And then there's heavier industry than textiles. The houses seemed to be some kind of prefab constructs that had to have come from the future because there's no manufacturing facility to produce them in the past. There was the mention of the meteoric iron ore and its value, but without smelting facilities and machining equipment, what are they going to do with it precisely?

Finally, they're coming from a future where the environment has been destroyed and they seem to be trying to prevent repeating that. I'm guessing (based on the quality of life in the future) that their green tech is weak. They make references to solar-powered things (like the water heater) but if the air is so polluted in the future that nobody can see the moon, then they're probably going to get really crummy performance from their solar panels so I can't think their solar panel technology has improved significantly from where ours is now. Anyways, I see three possible pathways for them: 

a) They try to live as low-impact as possible and preserve the natural beauty of Terra Nova. Um....wouldn't the lowest-impact be to not be there at all?

b) They try to only use green tech (of which their supply is limited). Again, they haven't developed any industry yet---they're just piggy-backing on the industry of the future. They don't have the resources to build clean, green factories, or ANY factories, and getting the resources is going to involve unpleasant things like being reliant on burning stuff as a power source for some time......at least until they are capable of making the tools to mine for the materials to build the equipment to manufacture the solar panels that seem to be their catch-all power solution. 

c) They just say "Screw it----we're gonna use the tech we've got and the world is so big and empty it won't make a different." Spiffy. They've sped up the destruction of the planet by 85 million years.


----------



## Rob Helmerichs (Oct 17, 2000)

Polcamilla said:


> Also, while I'll admit my Cretaceous geology isn't strong, since the dinosaurs are still walking around, I'm guessing there really isn't much in the way of petroleum reserves.


That's an urban legend.

Not that they're going to be in a position any time soon to drill baby drill...


----------



## JYoung (Jan 16, 2002)

Polcamilla said:


> 3) Basic human needs are food, shelter, clothing and, given the challenges of their environment, I'm going to say that munitions are also a pretty major need for their society. So here's what REALLY bugs me----they're working hard at food production, but I saw nothing indicating that they were working at providing the other four things.


I think they use meteor ore for ammo.


Polcamilla said:


> We're stuck with cellulose-based fabrics. If they're planning on living on the local flora, they're gonna need some people out there frantically cataloging the plant life and its properties and they're REALLY going to need to find a cotton/linen/hemp replacement ASAP.

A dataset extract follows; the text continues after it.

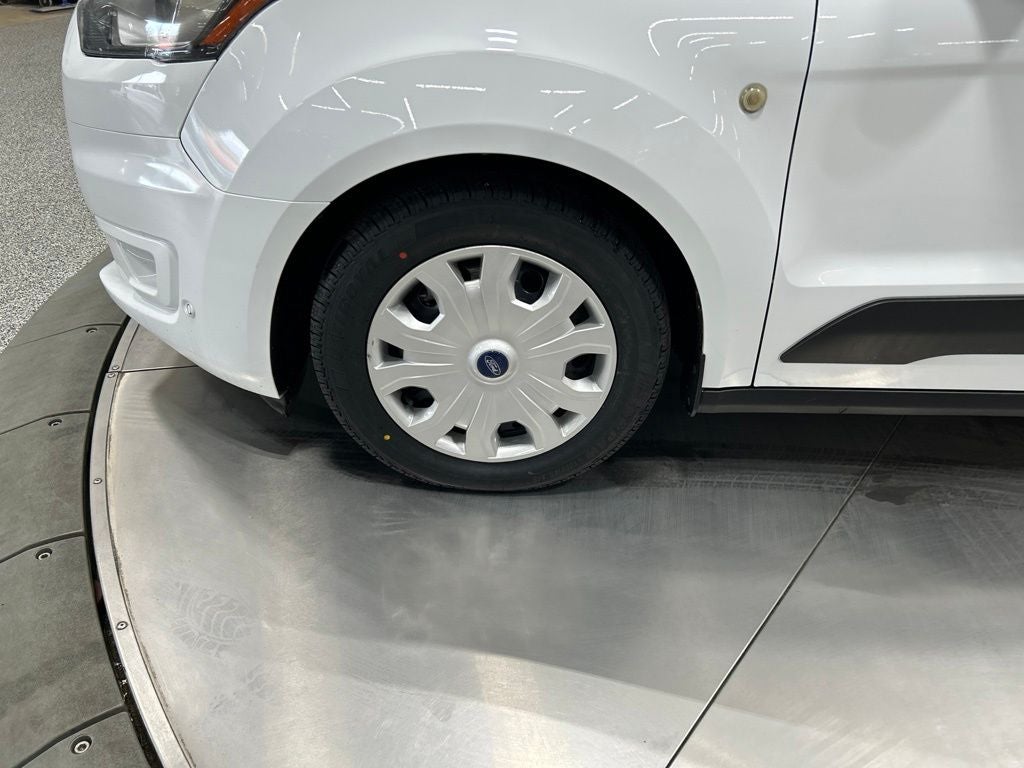 2020 Ford Transit Connect XLT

So you want them to be smokin' the ganja, mon?

In all honesty, I think you put more thought into this than the producers have.


----------



## Polcamilla (Nov 7, 2001)

JYoung said:


> In all honesty, I think you put more thought into this than the producers have.


Yeah, I know, and it makes me sad. Really, this was just a quick laundry list that I came up with while making a run to TJ's for groceries.


----------



## getreal (Sep 29, 2003)

Rob Helmerichs said:


> That's an urban legend.
> 
> Not that they're going to be in a position any time soon to drill baby drill...

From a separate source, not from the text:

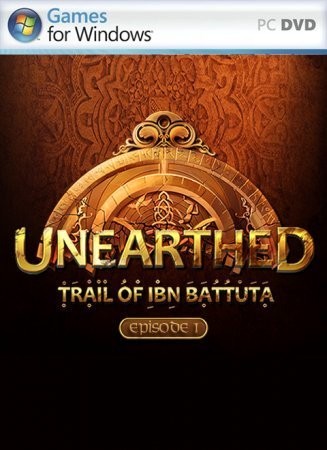 Unearthed: Trail of Ibn Battuta - Episode 1 (2014)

You linked to Wikipedia -- where ANYbody can contribute content and call it a "fact". I'm sure most of the content is good knowledge, but it is open to abuse, and has frequently been used to publish misinformation.


----------



## zyzzx (Jan 22, 2002)

Polcamilla said:


> Yeah, I know, and it makes me sad. Really, this was just a quick laundry list that I came up with while making a run to TJ's for groceries.


It was one episode. Give them some time to explore these problems.


----------



## IndyJones1023 (Apr 1, 2002)

Enrique said:


> I did like the point about placing Terra Nova in a different time stream as to introduce dinosaurs that never existed and hopefully other things.


I don't think that's what they meant.

Basically, the second someone goes back in time to change things, the current timeline either blinks out of existence (because changes were made and the current timeline would never have existed) or becomes cut off from the altered timeline, thereby creating two different timestreams.

I was talking about this to my sons before we watched it (finally, last night). I was postulating that if man creates a time travel device, then the entire expedition has to go back at once, they can't stagger trips back or send supplies last on for the reasons above.

However, they explained this away quite well. Man didn't create a time travel mechanism. They discovered a wormhole, basically. They know nothing about how it works, so they can create a separate time stream that's connected - permanently - to our current one and send back wave after wave of colonists, supplies, etc.

Well done in that regard.


----------



## IndyJones1023 (Apr 1, 2002)

jradosh said:


> I guess in the new timestream they don't worry about extinction-level events like the one that wiped out the dinosaurs?
> 
> (caveat: I haven't actually watched this show)


My sons asked me about this (before we knew it was a naturally occuring [or is it?] wormhole). Why go back before the meteor wipes out the dinosaurs? At the time, I said "well, they'll have 20 million years to make an asteroid defense system."


----------



## Anubys (Jul 16, 2004)

a couple of points:

1. I did see huge chunks of meat hanging (like the leg of a small dino) in the market.

2. If they can never see the moon, it stands to reason that their solar panels are extremely effective at turning very little sunlight into energy. right?


----------



## IndyJones1023 (Apr 1, 2002)

Two things that jumped out at me - the Death Star Interrogation probe and a crate full of Unobtainium. Anyone else think of these things?


----------



## Anubys (Jul 16, 2004)

IndyJones1023 said:


> Two things that jumped out at me - the Death Star Interrogation probe and a crate full of Unobtainium. Anyone else think of these things?


not for the first time , I have no idea what you are talking about!


----------



## eddyj (Jun 20, 2002)

Anubys said:


> 2. If they can never see the moon, it stands to reason that their solar panels are extremely effective at turning very little sunlight into energy. right?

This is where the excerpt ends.